**About this task**.
The answer should be a faithful retyping of the records that follow, pictures excluded.

**Excerpted data**.
......

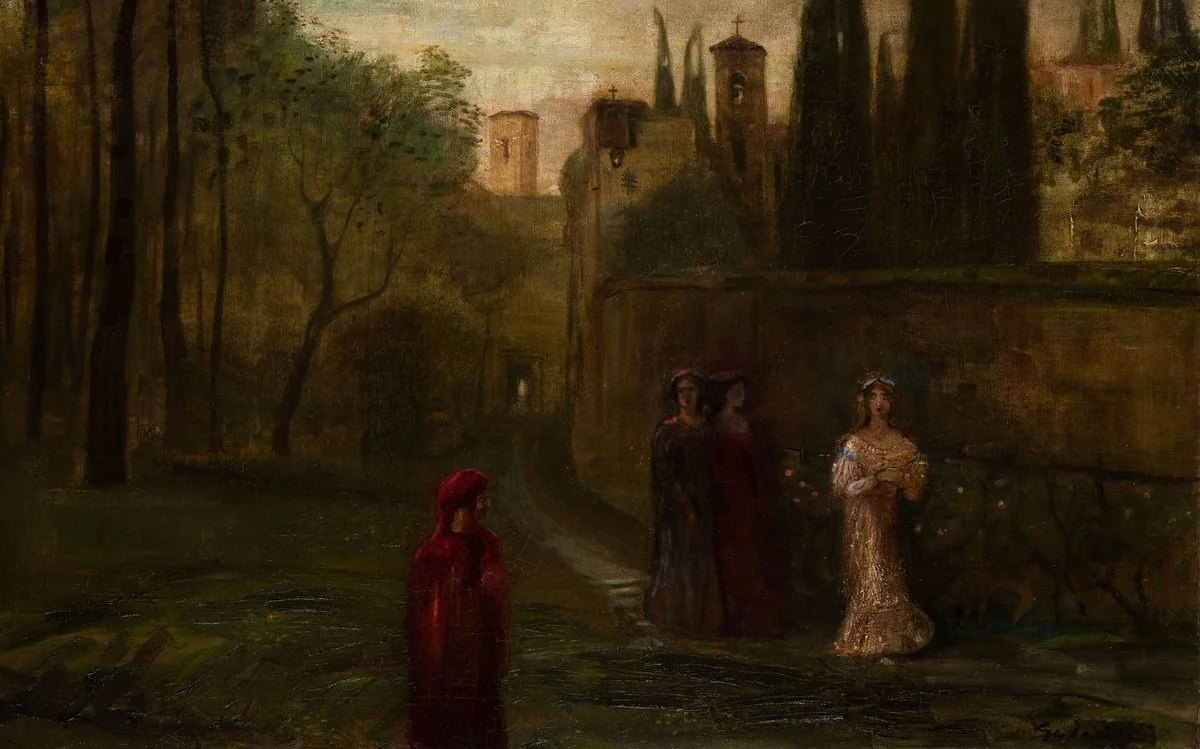 Dante's Meeting with Beatrice, by Lajos Gulácsy, oil, 1906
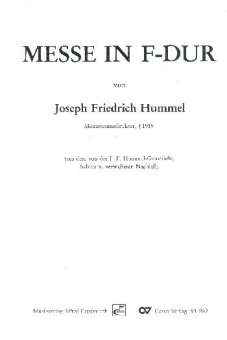 Hummel, Joseph Friedrich : Messe in F-Dur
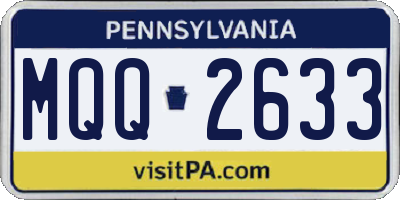 PA license plate MQQ2633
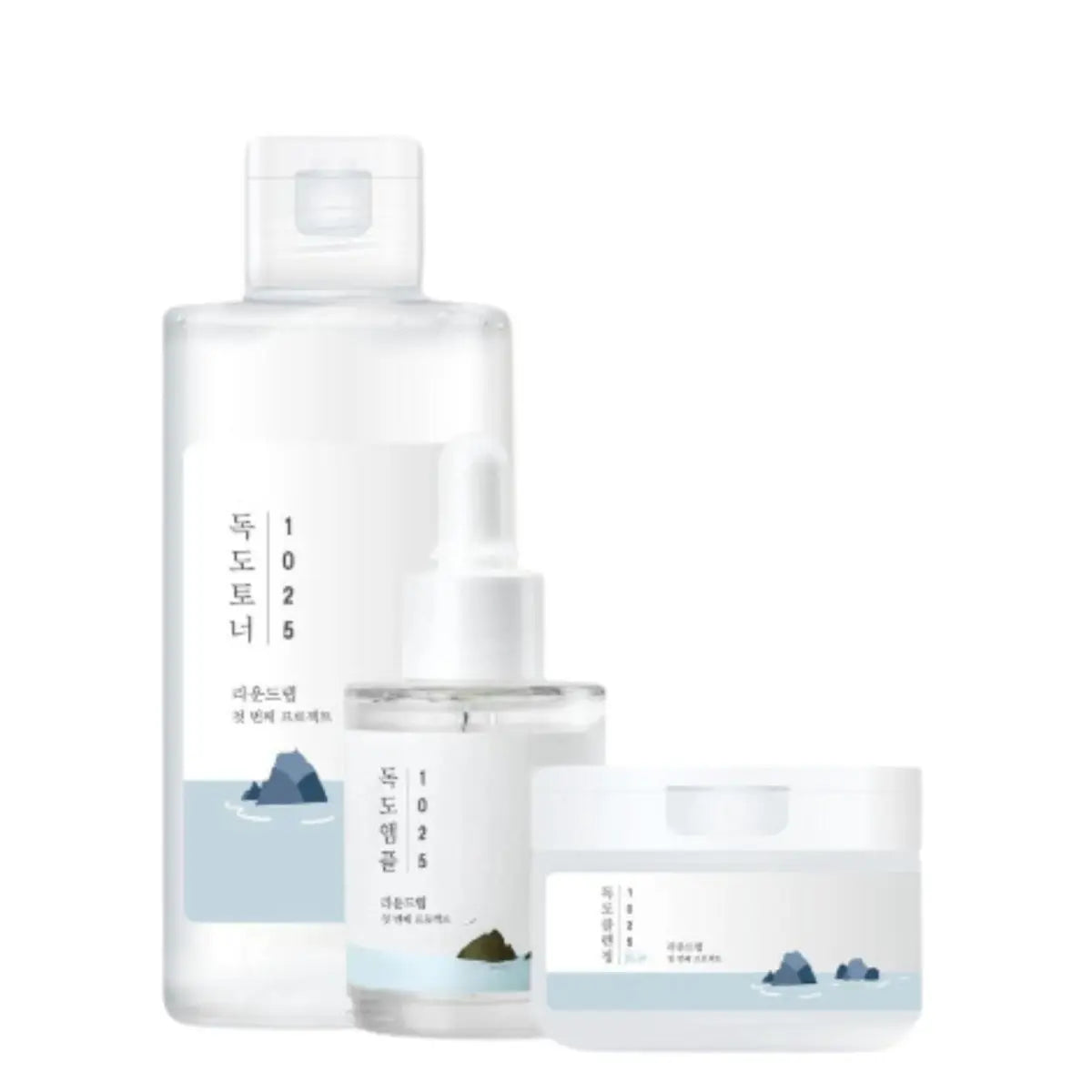 Round Lab toner, serum, and cleansing balm set with matching bottles and jars, showcasing skincare products in a clean, minimalist design.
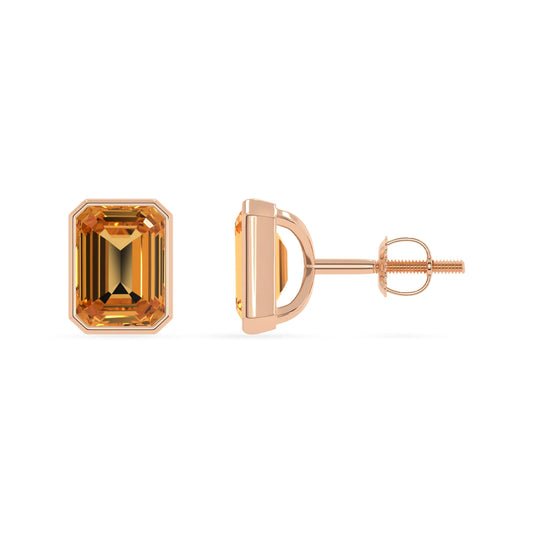 Lab Grown Citrine Emerald-Cut Solitaire Stud Earrings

......

**Written response**.
 Dante's Meeting with Beatrice, by Lajos Gulácsy, oil, 1906
 Hummel, Joseph Friedrich : Messe in F-Dur
 PA license plate MQQ2633
 Round Lab toner, serum, and cleansing balm set with matching bottles and jars, showcasing skincare products in a clean, minimalist design.
 Lab Grown Citrine Emerald-Cut Solitaire Stud Earrings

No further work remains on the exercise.